Isn't there a saying that training is expensive but not training is more so? My guess is that insufficient resources have been made available to HMRC to enable it to prepare properly for the 2016/17 filing season. The way to avoid these problems happening in future is for HMRC to be properly resourced.
The sad consequence of the lack of investment for 2016/17 is that we are all now paying the price. It costs clients, ourselves and HMRC far more to produce and process a paper return (wet signature, postage, stationery, re-keying...).
False economy Mr Osborne.
This issue also managed to make its way to the Sunday Times yesterday: https://www.thetimes.co.uk/article/online-tax-return-computer-says-no-69...
Albeit with a slightly sillier headline...
Nothing of any great substance to add, so will stick to grumbling.
I'd naively assumed that non-submittable returns would still be a rarity, but we're already seeing quite a few of them.
Maybe as a tax agent I shouldn't complain - can make us look quite good when you explain to Mr & Mrs OMB that a bit of planning with salary, divs and interest on director loans can give some nice results.
Its the people with pension income along with interest & divs and maybe a bit of trust income & foreign savings who are trying to work out their own tax that I feel sorry for.

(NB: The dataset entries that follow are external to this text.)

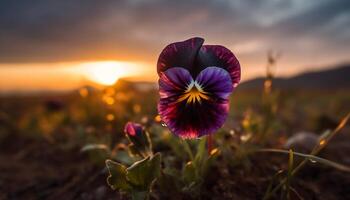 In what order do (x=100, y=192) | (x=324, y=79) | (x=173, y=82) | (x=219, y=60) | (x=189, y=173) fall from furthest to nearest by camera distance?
(x=324, y=79)
(x=100, y=192)
(x=189, y=173)
(x=219, y=60)
(x=173, y=82)

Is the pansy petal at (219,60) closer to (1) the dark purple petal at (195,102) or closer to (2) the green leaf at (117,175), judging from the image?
(1) the dark purple petal at (195,102)

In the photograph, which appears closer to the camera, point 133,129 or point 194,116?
point 194,116

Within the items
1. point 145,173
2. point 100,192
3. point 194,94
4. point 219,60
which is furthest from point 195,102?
point 100,192

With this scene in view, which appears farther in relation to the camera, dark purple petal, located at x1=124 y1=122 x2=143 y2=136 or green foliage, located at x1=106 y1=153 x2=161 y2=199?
dark purple petal, located at x1=124 y1=122 x2=143 y2=136

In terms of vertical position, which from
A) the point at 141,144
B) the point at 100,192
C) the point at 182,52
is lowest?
the point at 100,192

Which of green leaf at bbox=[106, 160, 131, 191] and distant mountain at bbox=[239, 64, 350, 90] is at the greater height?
green leaf at bbox=[106, 160, 131, 191]

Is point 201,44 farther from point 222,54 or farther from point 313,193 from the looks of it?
point 313,193

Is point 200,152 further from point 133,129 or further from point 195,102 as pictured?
point 195,102

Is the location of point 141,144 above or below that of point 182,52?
below

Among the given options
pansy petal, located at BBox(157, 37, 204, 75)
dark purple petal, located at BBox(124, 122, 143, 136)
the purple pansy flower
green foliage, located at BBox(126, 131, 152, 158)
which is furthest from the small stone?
pansy petal, located at BBox(157, 37, 204, 75)

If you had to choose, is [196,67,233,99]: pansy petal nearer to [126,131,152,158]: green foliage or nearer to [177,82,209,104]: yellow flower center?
[177,82,209,104]: yellow flower center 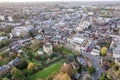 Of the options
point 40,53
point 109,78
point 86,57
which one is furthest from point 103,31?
point 109,78

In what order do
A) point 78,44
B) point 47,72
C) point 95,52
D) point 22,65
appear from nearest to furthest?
point 47,72
point 22,65
point 95,52
point 78,44

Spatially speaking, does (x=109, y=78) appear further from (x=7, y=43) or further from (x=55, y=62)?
(x=7, y=43)

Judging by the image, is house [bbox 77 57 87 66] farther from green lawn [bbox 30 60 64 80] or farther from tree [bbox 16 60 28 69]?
tree [bbox 16 60 28 69]

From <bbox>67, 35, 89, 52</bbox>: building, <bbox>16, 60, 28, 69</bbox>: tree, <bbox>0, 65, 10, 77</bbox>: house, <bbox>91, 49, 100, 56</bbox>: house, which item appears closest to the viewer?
<bbox>0, 65, 10, 77</bbox>: house

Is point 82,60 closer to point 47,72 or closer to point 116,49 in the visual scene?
point 47,72

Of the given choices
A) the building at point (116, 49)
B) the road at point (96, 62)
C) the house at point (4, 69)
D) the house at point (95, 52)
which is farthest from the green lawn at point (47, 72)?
the building at point (116, 49)

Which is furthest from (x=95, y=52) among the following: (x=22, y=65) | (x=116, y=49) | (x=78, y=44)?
(x=22, y=65)

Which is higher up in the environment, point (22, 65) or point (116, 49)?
point (116, 49)

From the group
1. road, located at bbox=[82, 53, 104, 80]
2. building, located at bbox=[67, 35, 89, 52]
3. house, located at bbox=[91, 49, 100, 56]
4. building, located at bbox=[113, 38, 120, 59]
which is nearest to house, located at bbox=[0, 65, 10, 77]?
road, located at bbox=[82, 53, 104, 80]

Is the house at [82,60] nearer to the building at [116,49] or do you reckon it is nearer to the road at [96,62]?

To avoid these problems in the future? Probably best not to add in massive complication to the tax computations of relatively low income people. If you do insist on doing it, then have some consultation in advance to ensure that all of the consequences of the complications are understood and can be planned for.
Could the flooding in Shipley have been an issue? The office was closed for year at a time when HMRC was working on the 2015/16 returns.
Just stop making tax more complicated than it already is. I've been in accountancy for 35 years and I don't think I've ever seen personal tax so complicated with the various claw backs (child benefit & personal allowance) and the new personal savings allowance and zero rate bands for interest and dividends. They've made tax far too complicated than it needed to be. May I ask just what is the point of the office of tax simplification - things have got much worse ever since it was created.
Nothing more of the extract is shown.